++++ Dataset entries ++++

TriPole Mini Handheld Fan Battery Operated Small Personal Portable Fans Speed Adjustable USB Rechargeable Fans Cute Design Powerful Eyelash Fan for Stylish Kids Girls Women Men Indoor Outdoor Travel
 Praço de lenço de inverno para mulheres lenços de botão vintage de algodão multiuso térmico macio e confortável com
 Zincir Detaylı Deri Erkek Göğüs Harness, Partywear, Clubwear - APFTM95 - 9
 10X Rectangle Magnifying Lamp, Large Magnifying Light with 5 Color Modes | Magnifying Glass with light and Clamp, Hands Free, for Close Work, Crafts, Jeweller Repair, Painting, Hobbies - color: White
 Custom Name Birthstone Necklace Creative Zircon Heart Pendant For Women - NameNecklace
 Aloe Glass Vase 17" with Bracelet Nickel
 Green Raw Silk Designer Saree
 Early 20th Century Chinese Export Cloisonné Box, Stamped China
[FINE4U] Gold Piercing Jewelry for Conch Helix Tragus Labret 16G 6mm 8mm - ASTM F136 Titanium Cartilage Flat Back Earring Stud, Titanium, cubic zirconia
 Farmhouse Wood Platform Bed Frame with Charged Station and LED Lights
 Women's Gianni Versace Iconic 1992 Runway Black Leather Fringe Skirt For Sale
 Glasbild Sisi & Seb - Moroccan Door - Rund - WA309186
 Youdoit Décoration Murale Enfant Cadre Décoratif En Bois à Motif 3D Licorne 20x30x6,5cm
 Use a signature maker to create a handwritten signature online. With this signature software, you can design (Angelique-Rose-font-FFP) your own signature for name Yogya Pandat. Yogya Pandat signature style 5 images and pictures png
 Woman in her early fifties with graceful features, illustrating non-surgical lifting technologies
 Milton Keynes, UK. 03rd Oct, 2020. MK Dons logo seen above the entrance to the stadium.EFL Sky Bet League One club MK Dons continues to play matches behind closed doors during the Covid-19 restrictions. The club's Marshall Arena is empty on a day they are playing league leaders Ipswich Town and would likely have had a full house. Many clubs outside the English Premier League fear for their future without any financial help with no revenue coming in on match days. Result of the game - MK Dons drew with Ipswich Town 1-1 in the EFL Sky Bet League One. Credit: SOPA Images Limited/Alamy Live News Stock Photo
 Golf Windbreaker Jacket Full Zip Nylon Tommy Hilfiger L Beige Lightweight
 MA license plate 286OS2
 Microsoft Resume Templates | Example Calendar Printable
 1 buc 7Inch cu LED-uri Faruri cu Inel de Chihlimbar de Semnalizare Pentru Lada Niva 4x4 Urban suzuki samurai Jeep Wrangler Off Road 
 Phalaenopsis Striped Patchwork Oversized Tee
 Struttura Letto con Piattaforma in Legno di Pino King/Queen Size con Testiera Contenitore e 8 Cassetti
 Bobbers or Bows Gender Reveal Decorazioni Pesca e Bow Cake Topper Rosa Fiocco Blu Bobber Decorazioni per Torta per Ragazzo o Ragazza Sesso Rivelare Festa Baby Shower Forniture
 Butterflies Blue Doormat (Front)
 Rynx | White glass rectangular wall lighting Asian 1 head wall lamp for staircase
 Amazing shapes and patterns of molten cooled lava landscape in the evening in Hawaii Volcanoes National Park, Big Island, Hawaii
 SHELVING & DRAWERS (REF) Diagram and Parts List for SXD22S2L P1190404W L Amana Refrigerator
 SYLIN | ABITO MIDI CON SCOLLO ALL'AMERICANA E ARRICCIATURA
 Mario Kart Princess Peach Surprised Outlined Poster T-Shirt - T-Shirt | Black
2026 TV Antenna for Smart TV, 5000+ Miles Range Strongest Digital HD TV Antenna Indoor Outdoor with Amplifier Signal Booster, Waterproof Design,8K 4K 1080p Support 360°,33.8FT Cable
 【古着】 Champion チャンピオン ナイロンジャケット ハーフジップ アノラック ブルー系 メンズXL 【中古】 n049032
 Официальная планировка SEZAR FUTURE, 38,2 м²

++++

• About this exercise
All of the entries should be repeated word for word.

• Task response
TriPole Mini Handheld Fan Battery Operated Small Personal Portable Fans Speed Adjustable USB Rechargeable Fans Cute Design Powerful Eyelash Fan for Stylish Kids Girls Women Men Indoor Outdoor Travel
 Praço de lenço de inverno para mulheres lenços de botão vintage de algodão multiuso térmico macio e confortável com
 Zincir Detaylı Deri Erkek Göğüs Harness, Partywear, Clubwear - APFTM95 - 9
 10X Rectangle Magnifying Lamp, Large Magnifying Light with 5 Color Modes | Magnifying Glass with light and Clamp, Hands Free, for Close Work, Crafts, Jeweller Repair, Painting, Hobbies - color: White
 Custom Name Birthstone Necklace Creative Zircon Heart Pendant For Women - NameNecklace
 Aloe Glass Vase 17" with Bracelet Nickel
 Green Raw Silk Designer Saree
 Early 20th Century Chinese Export Cloisonné Box, Stamped China
[FINE4U] Gold Piercing Jewelry for Conch Helix Tragus Labret 16G 6mm 8mm - ASTM F136 Titanium Cartilage Flat Back Earring Stud, Titanium, cubic zirconia
 Farmhouse Wood Platform Bed Frame with Charged Station and LED Lights
 Women's Gianni Versace Iconic 1992 Runway Black Leather Fringe Skirt For Sale
 Glasbild Sisi & Seb - Moroccan Door - Rund - WA309186
 Youdoit Décoration Murale Enfant Cadre Décoratif En Bois à Motif 3D Licorne 20x30x6,5cm
 Use a signature maker to create a handwritten signature online. With this signature software, you can design (Angelique-Rose-font-FFP) your own signature for name Yogya Pandat. Yogya Pandat signature style 5 images and pictures png
 Woman in her early fifties with graceful features, illustrating non-surgical lifting technologies
 Milton Keynes, UK. 03rd Oct, 2020. MK Dons logo seen above the entrance to the stadium.EFL Sky Bet League One club MK Dons continues to play matches behind closed doors during the Covid-19 restrictions. The club's Marshall Arena is empty on a day they are playing league leaders Ipswich Town and would likely have had a full house. Many clubs outside the English Premier League fear for their future without any financial help with no revenue coming in on match days. Result of the game - MK Dons drew with Ipswich Town 1-1 in the EFL Sky Bet League One. Credit: SOPA Images Limited/Alamy Live News Stock Photo
 Golf Windbreaker Jacket Full Zip Nylon Tommy Hilfiger L Beige Lightweight
 MA license plate 286OS2
 Microsoft Resume Templates | Example Calendar Printable
 1 buc 7Inch cu LED-uri Faruri cu Inel de Chihlimbar de Semnalizare Pentru Lada Niva 4x4 Urban suzuki samurai Jeep Wrangler Off Road 
 Phalaenopsis Striped Patchwork Oversized Tee
 Struttura Letto con Piattaforma in Legno di Pino King/Queen Size con Testiera Contenitore e 8 Cassetti
 Bobbers or Bows Gender Reveal Decorazioni Pesca e Bow Cake Topper Rosa Fiocco Blu Bobber Decorazioni per Torta per Ragazzo o Ragazza Sesso Rivelare Festa Baby Shower Forniture
 Butterflies Blue Doormat (Front)
 Rynx | White glass rectangular wall lighting Asian 1 head wall lamp for staircase
 Amazing shapes and patterns of molten cooled lava landscape in the evening in Hawaii Volcanoes National Park, Big Island, Hawaii
 SHELVING & DRAWERS (REF) Diagram and Parts List for SXD22S2L P1190404W L Amana Refrigerator
 SYLIN | ABITO MIDI CON SCOLLO ALL'AMERICANA E ARRICCIATURA
 Mario Kart Princess Peach Surprised Outlined Poster T-Shirt - T-Shirt | Black
2026 TV Antenna for Smart TV, 5000+ Miles Range Strongest Digital HD TV Antenna Indoor Outdoor with Amplifier Signal Booster, Waterproof Design,8K 4K 1080p Support 360°,33.8FT Cable
 【古着】 Champion チャンピオン ナイロンジャケット ハーフジップ アノラック ブルー系 メンズXL 【中古】 n049032
 Официальная планировка SEZAR FUTURE, 38,2 м²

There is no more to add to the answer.